▶ **DATASET EXCERPTS**:
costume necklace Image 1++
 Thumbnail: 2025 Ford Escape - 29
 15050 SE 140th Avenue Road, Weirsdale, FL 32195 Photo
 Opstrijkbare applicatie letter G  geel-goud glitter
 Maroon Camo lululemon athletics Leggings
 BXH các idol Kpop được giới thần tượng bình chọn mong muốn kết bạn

▶ **YOUR GOAL**: Each line from the one containing "Maroon Camo lululemon athletics Leggings" to the last line above must be returned exactly, and no line outside that range.

▶ **ANSWER TO THIS EXERCISE**:
 Maroon Camo lululemon athletics Leggings
 BXH các idol Kpop được giới thần tượng bình chọn mong muốn kết bạn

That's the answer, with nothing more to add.